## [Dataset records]
= Beginning of Section =
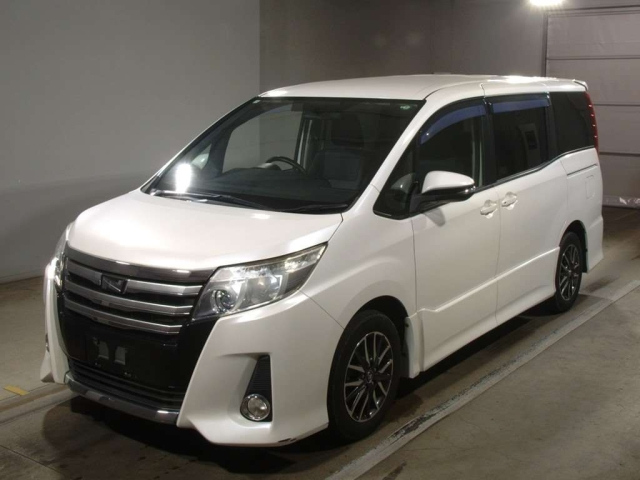 TOYOTA NOAH 2014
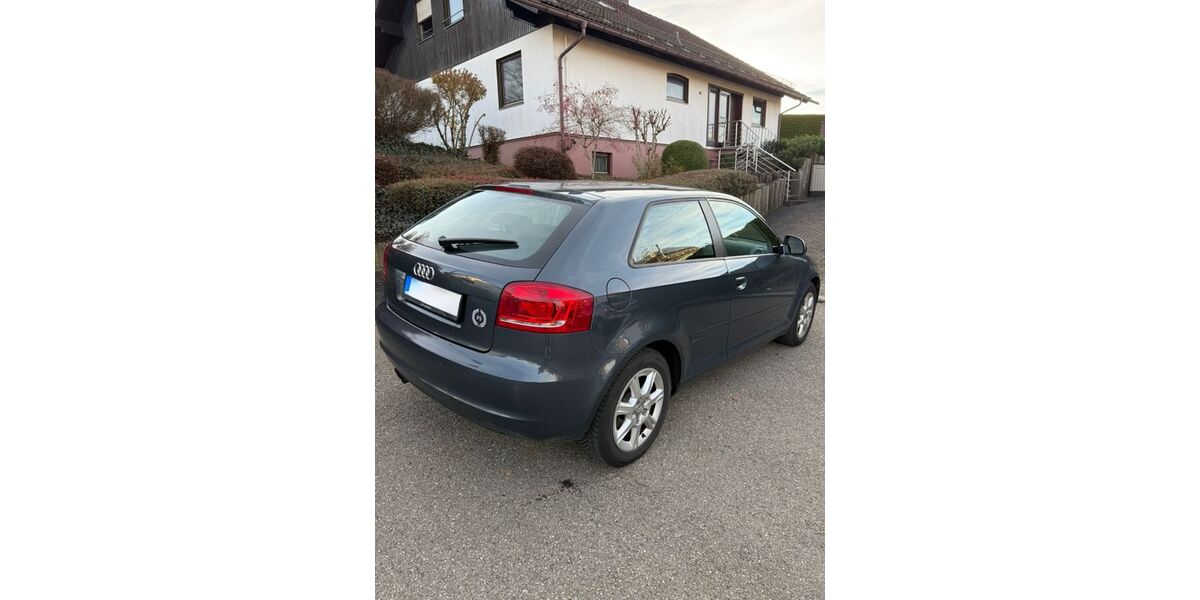 Audi A3 211.392 km 2.500 &euro; Münsingen 72525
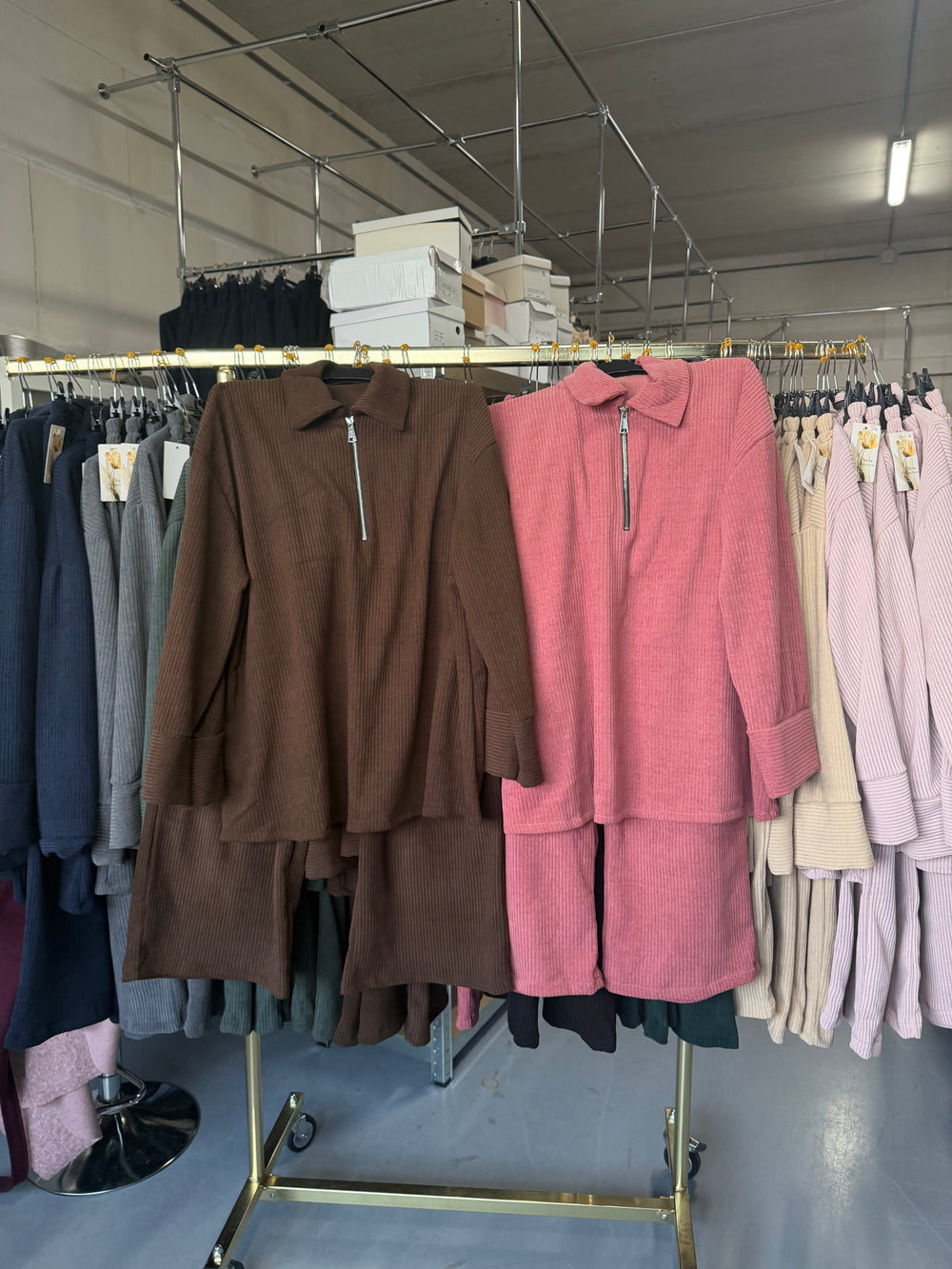Karin donker roze en bruin comfy setjes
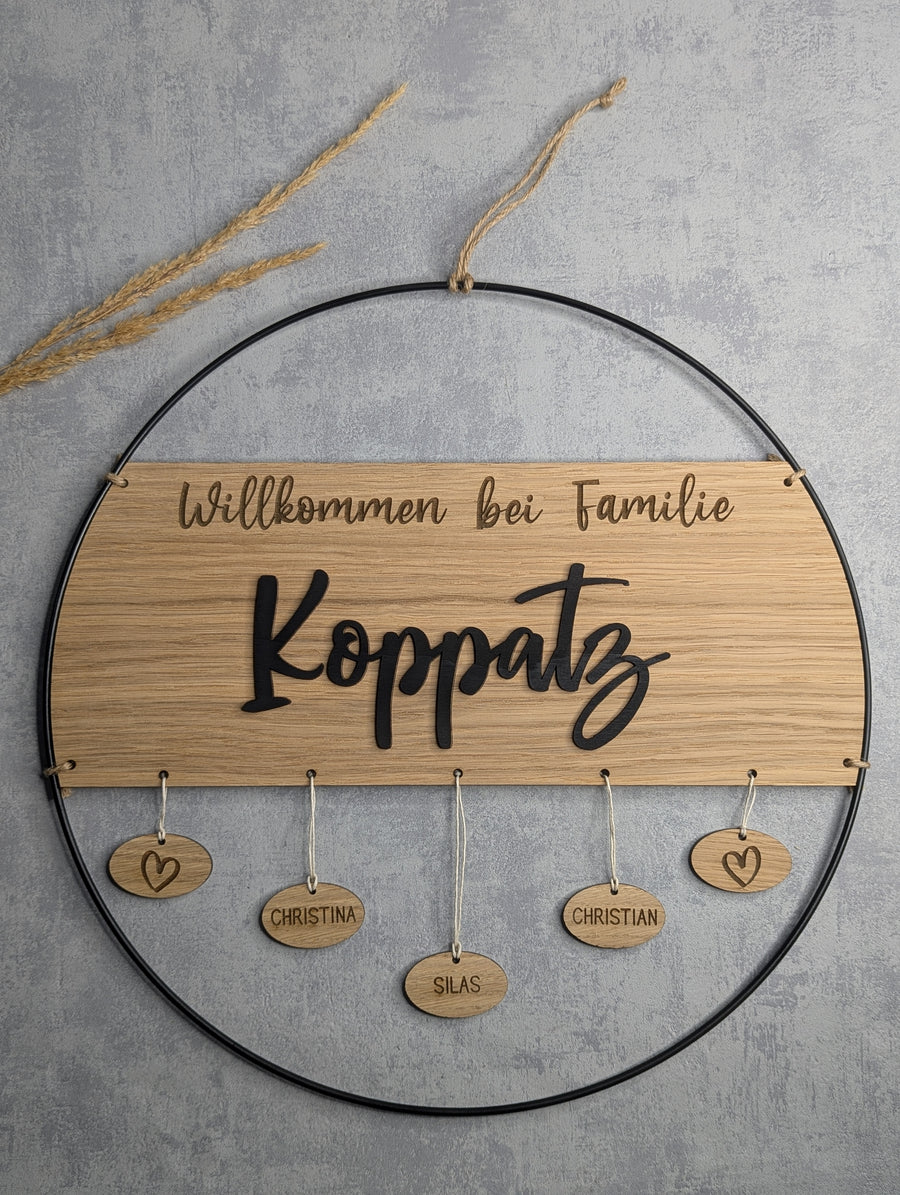 Türschild für Familien mit Herz-Platzhaltern und Schnur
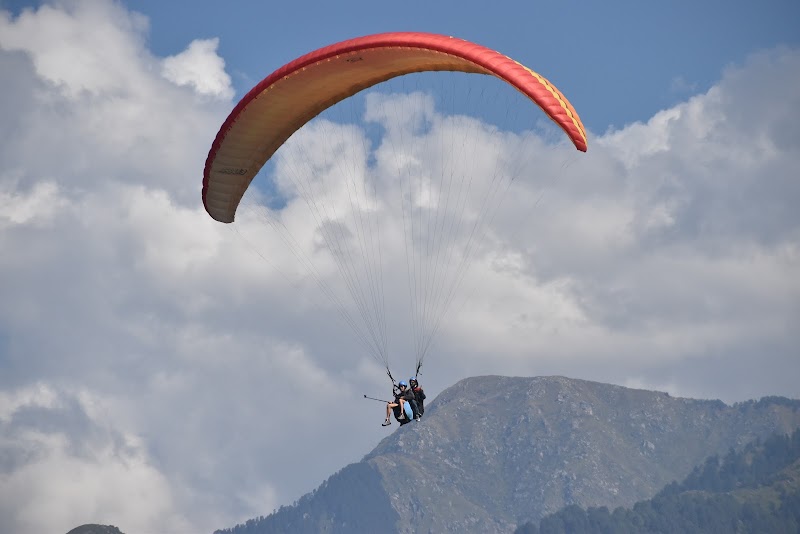 Travel Bir Billing - Paragliding in Bir Billing - Travel Bir Billing - Paragliding in Bir Billing Paragliding Landing site, Bir, Suja, Himachal Pradesh 176077, India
= End of Section =
## [EXERCISE]
What is needed is an exact printout of all the entries, without the pictures.

## [ANSWER TO THE EXERCISE]
 TOYOTA NOAH 2014
 Audi A3 211.392 km 2.500 &euro; Münsingen 72525
Karin donker roze en bruin comfy setjes
 Türschild für Familien mit Herz-Platzhaltern und Schnur
 Travel Bir Billing - Paragliding in Bir Billing - Travel Bir Billing - Paragliding in Bir Billing Paragliding Landing site, Bir, Suja, Himachal Pradesh 176077, India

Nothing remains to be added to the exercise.